India’s economic growth was pushed down in 2017 due to the Goods and Services Tax (GST) as well as issues of corporate and bank balance sheet problems, according to a U.N. report. The economy will recover gradually and grow at 7.2% in 2018.
The report, The UN Economic and Social Commission for Asia and the Pacific’s (ESCAP) flagship publication, the Economic and Social Survey of Asia and the Pacific, pegs India’s GDP growth at 6.6% in 2017, down from 7.1% in 2016.
The recently introduced GST as well as weak corporate and bank balance sheets resulted in modest economic growth, but signs of recovery emerged in the second half of 2017, it said. It further predicted that GDP will to grow 7.2% in 2018 and 7.4 per cent the year after that.

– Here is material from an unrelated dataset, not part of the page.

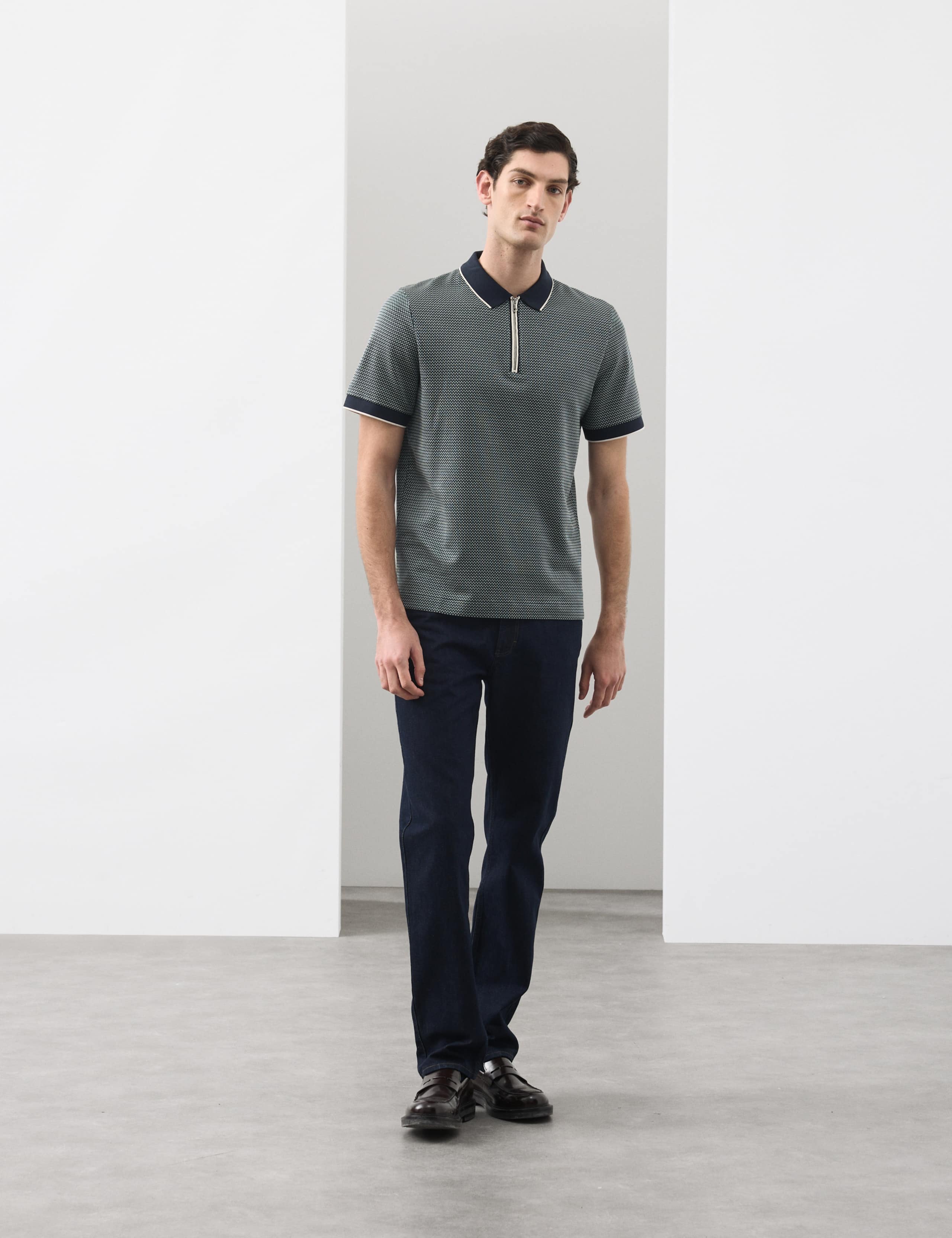 Pure Supima® CottonJacquard Zip Up Polo Shirt 3 of 6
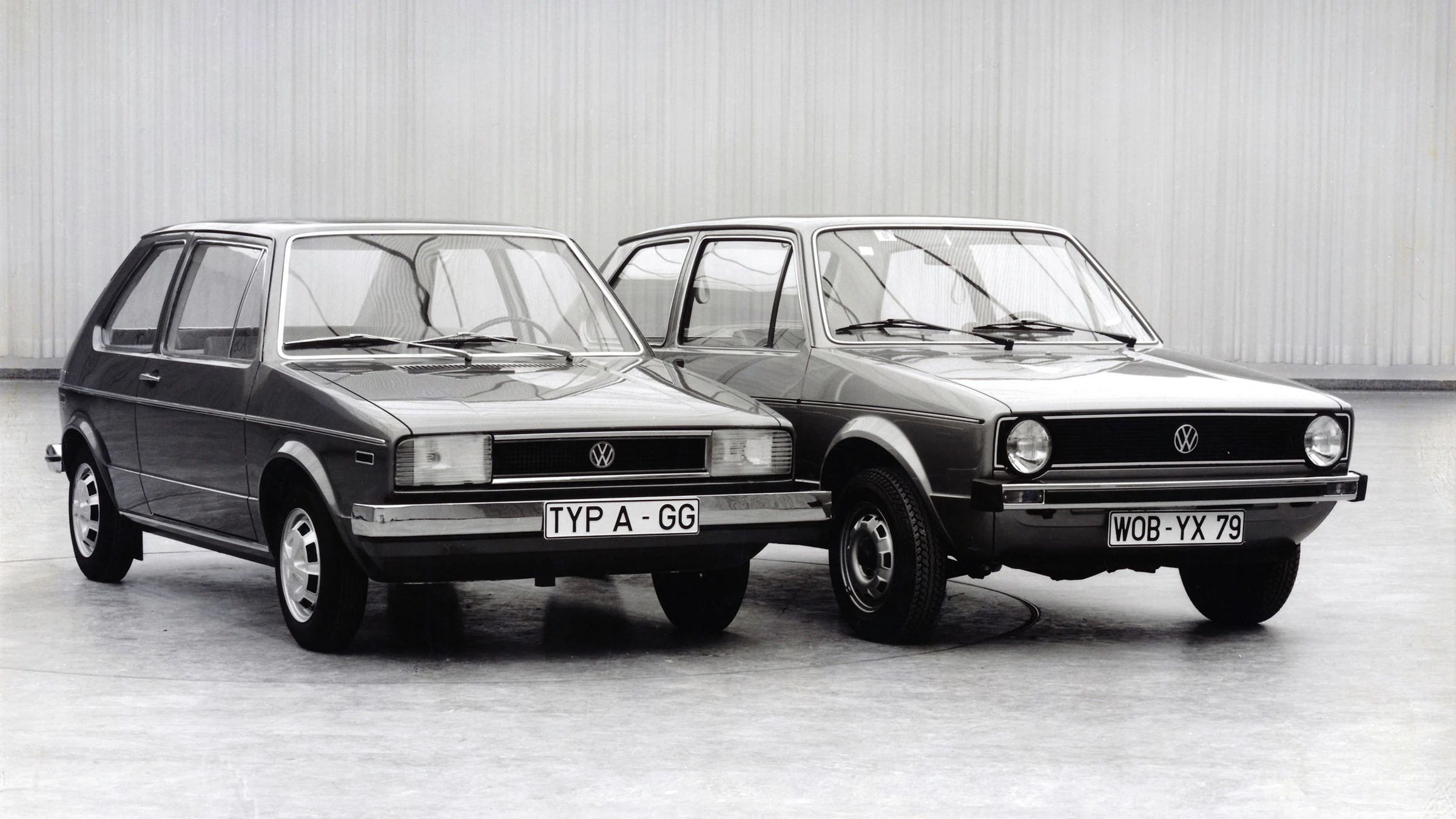 Right front 3q view of the "TYP A - GG" Italdesign-Giugiaro Golf prototype next to a full-size model of the production 1974 VW Golf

A gradual recovery is expected and private investment is expected to revive as the corporate sector adjusts to GST, infrastructure spending increases and corporate and bank balance sheets improve with government support, the report said. Consumption will also strengthen as the impacts of demonetisation faded.
On the problem of bad loans, the report said the share of non-performing loans in the country has doubled, and defaults on corporate bonds and syndicated loans have surged in recent years. By mid-2017, distressed bank loans reached a record high of ₹9.5 trillion ($148 billion), but more recent revelations suggest that the actual figure may be higher.
The banking problem is closely related to high corporate leverage; thus, the two problems are known as the ‘twin balance sheet’ challenge. If it does not effectively address that challenge, India will continue to face weak private investment and modest economic growth, it said.
At the same time, rapid technological advancements, while promising immense opportunities are also posing considerable challenges in terms of job polarisation and income and wealth inequalities.